Multidimensional Embeddings for Geospatial Data with Hex2Vec and Storing in Geobase
This tutorial demonstrates how to create hex2vec embeddings for geospatial data using srai and store them in a geobase database. We will use the following Python libraries: srai
(version 0.7.5
), geopandas
, and sqlalchemy
.
How Hex2Vec Embedder Works
The Hex2Vec embedder is designed to generate embeddings for hexagonally partitioned geographical regions. These embeddings capture the spatial relationships and the characteristics of the features present within those regions.

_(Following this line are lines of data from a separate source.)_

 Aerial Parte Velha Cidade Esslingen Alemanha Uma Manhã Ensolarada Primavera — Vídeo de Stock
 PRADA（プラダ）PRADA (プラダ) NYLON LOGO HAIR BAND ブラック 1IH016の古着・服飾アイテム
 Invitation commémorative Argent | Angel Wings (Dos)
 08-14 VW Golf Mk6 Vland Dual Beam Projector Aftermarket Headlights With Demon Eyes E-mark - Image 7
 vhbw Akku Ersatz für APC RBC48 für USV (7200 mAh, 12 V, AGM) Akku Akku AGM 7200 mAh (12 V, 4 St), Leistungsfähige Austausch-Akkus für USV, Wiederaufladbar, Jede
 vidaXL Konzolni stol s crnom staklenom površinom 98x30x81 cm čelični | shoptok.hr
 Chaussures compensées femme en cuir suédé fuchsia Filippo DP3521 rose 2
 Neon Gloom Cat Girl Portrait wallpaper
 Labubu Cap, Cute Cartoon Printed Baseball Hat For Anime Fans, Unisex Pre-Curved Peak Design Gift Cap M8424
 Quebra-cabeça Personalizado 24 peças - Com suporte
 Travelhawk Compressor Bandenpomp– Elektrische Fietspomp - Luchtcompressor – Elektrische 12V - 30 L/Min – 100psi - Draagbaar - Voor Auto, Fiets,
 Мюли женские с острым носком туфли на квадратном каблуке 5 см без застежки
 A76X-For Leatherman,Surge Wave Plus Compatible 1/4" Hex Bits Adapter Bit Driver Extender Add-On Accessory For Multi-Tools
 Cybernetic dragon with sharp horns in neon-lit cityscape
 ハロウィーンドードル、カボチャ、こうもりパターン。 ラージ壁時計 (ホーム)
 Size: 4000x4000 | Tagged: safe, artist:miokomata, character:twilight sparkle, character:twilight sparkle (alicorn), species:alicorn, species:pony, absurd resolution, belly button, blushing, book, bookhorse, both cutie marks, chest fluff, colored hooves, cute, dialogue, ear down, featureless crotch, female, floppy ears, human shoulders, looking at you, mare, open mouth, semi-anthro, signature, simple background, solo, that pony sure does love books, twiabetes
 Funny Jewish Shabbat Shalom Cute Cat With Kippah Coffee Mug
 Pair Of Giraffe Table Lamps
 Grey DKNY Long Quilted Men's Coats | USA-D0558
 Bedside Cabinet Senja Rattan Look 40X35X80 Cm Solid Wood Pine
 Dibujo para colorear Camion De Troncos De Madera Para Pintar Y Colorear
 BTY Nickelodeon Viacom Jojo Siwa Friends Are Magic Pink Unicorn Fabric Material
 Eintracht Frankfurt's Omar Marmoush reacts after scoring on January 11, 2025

How are geospatial embeddings created?
The creation of geospatial embeddings involves several steps:
- select a geographical area of interest
- load OpenStreetMap (OSM) data for that area
- regionalize the area into hexagonal regions
- join the regions with the OSM features
- create embeddings for the regions based on the features
- store the embeddings in a geobase database
This is a high-level overview of the process:
In the rest of this tutorial, we will walk through each of these steps in detail.
Installing Required Packages
To begin, you need to install several Python packages. These packages include libraries for working with geospatial data, embedding models, and Geobase.
!pip install srai[all]
!pip install folium matplotlib mapclassify
!pip install pgvector
!pip install geoalchemy2
Importing Necessary Libraries
import pandas as pd
from sqlalchemy import create_engine, Table, Column, Integer, Float, MetaData
from sqlalchemy.dialects.postgresql import ARRAY
import geopandas as gpd
from pgvector.sqlalchemy import Vector
from geoalchemy2 import Geometry
from sqlalchemy import text, insert
import numpy as np
sqlalchemy
: A Python SQL toolkit for database interaction.pgvector
: Allows you to store vector data in PostgreSQL.geoalchemy2
: Extends SQLAlchemy to support geospatial data types.
Import Necessary SRAI Libraries
from srai.embedders import Hex2VecEmbedder
from srai.joiners import IntersectionJoiner
from srai.loaders import OSMPbfLoader
from srai.loaders.osm_loaders.filters import HEX2VEC_FILTER
from srai.neighbourhoods.h3_neighbourhood import H3Neighbourhood
from srai.regionalizers import H3Regionalizer, geocode_to_region_gdf
from srai.plotting import plot_regions, plot_numeric_data
- OSMPbfLoader: Loads OSM data for a specified area.
- H3Regionalizer: Converts geographical areas into H3 hexagons at a specific resolution.
- IntersectionJoiner: Joins geospatial regions with OSM features.
Load OSM Data and Regionalize
- Load OSM Data: Use OSMOnlineLoader to load features for a specific area and query.
- Regionalize Data: We use the
H3Regionalizer
to divide the area of interest into hexagonal regions. The H3 indexing system is a hierarchical hexagonal grid system that is useful for spatial analysis.
loader = OSMPbfLoader()
regionalizer = H3Regionalizer(resolution=11)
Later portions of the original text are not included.